INSTRUCTIONS TO FOLLOW
Could you set down every record below exactly as it appears?

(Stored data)
-=-=-
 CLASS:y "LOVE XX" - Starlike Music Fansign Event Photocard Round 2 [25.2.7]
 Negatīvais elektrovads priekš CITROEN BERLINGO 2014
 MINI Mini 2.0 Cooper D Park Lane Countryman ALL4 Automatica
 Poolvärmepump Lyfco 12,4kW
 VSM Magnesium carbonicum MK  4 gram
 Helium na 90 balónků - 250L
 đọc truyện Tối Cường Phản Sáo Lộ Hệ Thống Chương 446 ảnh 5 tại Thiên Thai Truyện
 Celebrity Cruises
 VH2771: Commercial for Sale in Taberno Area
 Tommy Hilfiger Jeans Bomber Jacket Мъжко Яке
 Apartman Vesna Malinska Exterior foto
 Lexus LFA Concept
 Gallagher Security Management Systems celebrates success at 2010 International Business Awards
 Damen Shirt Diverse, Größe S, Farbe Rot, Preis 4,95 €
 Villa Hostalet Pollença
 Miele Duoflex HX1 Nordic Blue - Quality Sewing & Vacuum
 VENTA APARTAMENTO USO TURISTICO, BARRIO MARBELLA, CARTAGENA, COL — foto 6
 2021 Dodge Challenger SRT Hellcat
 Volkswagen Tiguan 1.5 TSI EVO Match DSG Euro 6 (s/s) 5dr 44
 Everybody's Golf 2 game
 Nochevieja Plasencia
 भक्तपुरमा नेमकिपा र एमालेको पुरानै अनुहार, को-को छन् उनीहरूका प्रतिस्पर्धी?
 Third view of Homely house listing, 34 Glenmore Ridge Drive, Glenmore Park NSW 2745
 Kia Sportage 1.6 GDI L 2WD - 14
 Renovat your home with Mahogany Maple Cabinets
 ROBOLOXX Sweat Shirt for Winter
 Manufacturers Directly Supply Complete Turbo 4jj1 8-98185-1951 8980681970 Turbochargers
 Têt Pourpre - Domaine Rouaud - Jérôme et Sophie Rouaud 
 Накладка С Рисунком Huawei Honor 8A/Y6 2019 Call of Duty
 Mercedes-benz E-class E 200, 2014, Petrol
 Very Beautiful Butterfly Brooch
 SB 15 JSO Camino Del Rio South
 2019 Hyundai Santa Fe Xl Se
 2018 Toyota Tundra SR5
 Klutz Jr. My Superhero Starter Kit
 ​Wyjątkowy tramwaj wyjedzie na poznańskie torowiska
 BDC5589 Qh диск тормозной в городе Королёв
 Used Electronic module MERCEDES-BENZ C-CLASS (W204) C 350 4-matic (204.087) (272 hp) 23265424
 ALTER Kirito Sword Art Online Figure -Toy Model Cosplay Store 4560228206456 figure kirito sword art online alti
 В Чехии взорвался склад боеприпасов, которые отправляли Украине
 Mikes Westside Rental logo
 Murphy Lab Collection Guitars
-=-=-
EXPECTED ANSWER
 CLASS:y "LOVE XX" - Starlike Music Fansign Event Photocard Round 2 [25.2.7]
 Negatīvais elektrovads priekš CITROEN BERLINGO 2014
 MINI Mini 2.0 Cooper D Park Lane Countryman ALL4 Automatica
 Poolvärmepump Lyfco 12,4kW
 VSM Magnesium carbonicum MK  4 gram
 Helium na 90 balónků - 250L
 đọc truyện Tối Cường Phản Sáo Lộ Hệ Thống Chương 446 ảnh 5 tại Thiên Thai Truyện
 Celebrity Cruises
 VH2771: Commercial for Sale in Taberno Area
 Tommy Hilfiger Jeans Bomber Jacket Мъжко Яке
 Apartman Vesna Malinska Exterior foto
 Lexus LFA Concept
 Gallagher Security Management Systems celebrates success at 2010 International Business Awards
 Damen Shirt Diverse, Größe S, Farbe Rot, Preis 4,95 €
 Villa Hostalet Pollença
 Miele Duoflex HX1 Nordic Blue - Quality Sewing & Vacuum
 VENTA APARTAMENTO USO TURISTICO, BARRIO MARBELLA, CARTAGENA, COL — foto 6
 2021 Dodge Challenger SRT Hellcat
 Volkswagen Tiguan 1.5 TSI EVO Match DSG Euro 6 (s/s) 5dr 44
 Everybody's Golf 2 game
 Nochevieja Plasencia
 भक्तपुरमा नेमकिपा र एमालेको पुरानै अनुहार, को-को छन् उनीहरूका प्रतिस्पर्धी?
 Third view of Homely house listing, 34 Glenmore Ridge Drive, Glenmore Park NSW 2745
 Kia Sportage 1.6 GDI L 2WD - 14
 Renovat your home with Mahogany Maple Cabinets
 ROBOLOXX Sweat Shirt for Winter
 Manufacturers Directly Supply Complete Turbo 4jj1 8-98185-1951 8980681970 Turbochargers
 Têt Pourpre - Domaine Rouaud - Jérôme et Sophie Rouaud 
 Накладка С Рисунком Huawei Honor 8A/Y6 2019 Call of Duty
 Mercedes-benz E-class E 200, 2014, Petrol
 Very Beautiful Butterfly Brooch
 SB 15 JSO Camino Del Rio South
 2019 Hyundai Santa Fe Xl Se
 2018 Toyota Tundra SR5
 Klutz Jr. My Superhero Starter Kit
 ​Wyjątkowy tramwaj wyjedzie na poznańskie torowiska
 BDC5589 Qh диск тормозной в городе Королёв
 Used Electronic module MERCEDES-BENZ C-CLASS (W204) C 350 4-matic (204.087) (272 hp) 23265424
 ALTER Kirito Sword Art Online Figure -Toy Model Cosplay Store 4560228206456 figure kirito sword art online alti
 В Чехии взорвался склад боеприпасов, которые отправляли Украине
 Mikes Westside Rental logo
 Murphy Lab Collection Guitars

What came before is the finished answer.